→ Assigned task
The material below includes pictures; leave them out and return only the lines between the line containing "Jiang vs Aspropotamitis h2h player stats" and the line containing "深圳明君商务中心物业管理怎么样深圳明君商务中心收费标准与服务内容", inclusive, word for word.

→ Records for the task
—————
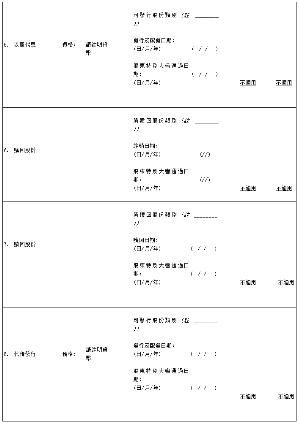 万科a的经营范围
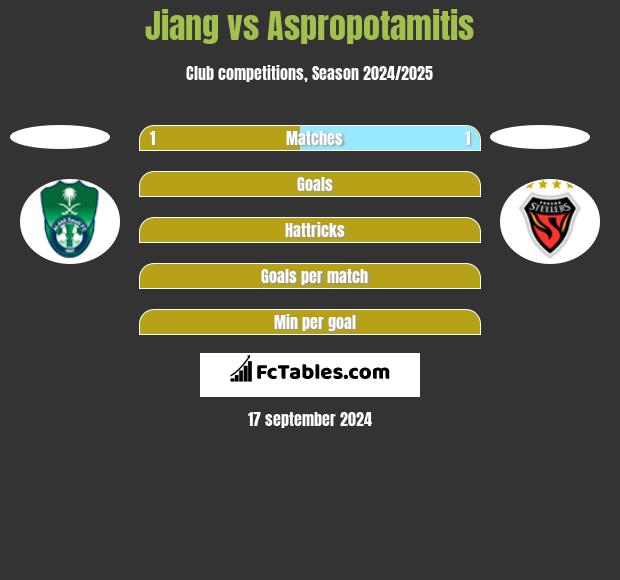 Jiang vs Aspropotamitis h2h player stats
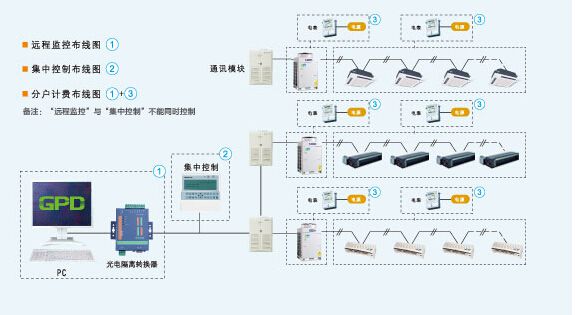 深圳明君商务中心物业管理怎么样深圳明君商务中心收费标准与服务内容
—————
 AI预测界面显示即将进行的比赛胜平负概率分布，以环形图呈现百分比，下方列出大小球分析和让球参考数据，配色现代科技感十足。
—————
→ The completed task
 Jiang vs Aspropotamitis h2h player stats
 深圳明君商务中心物业管理怎么样深圳明君商务中心收费标准与服务内容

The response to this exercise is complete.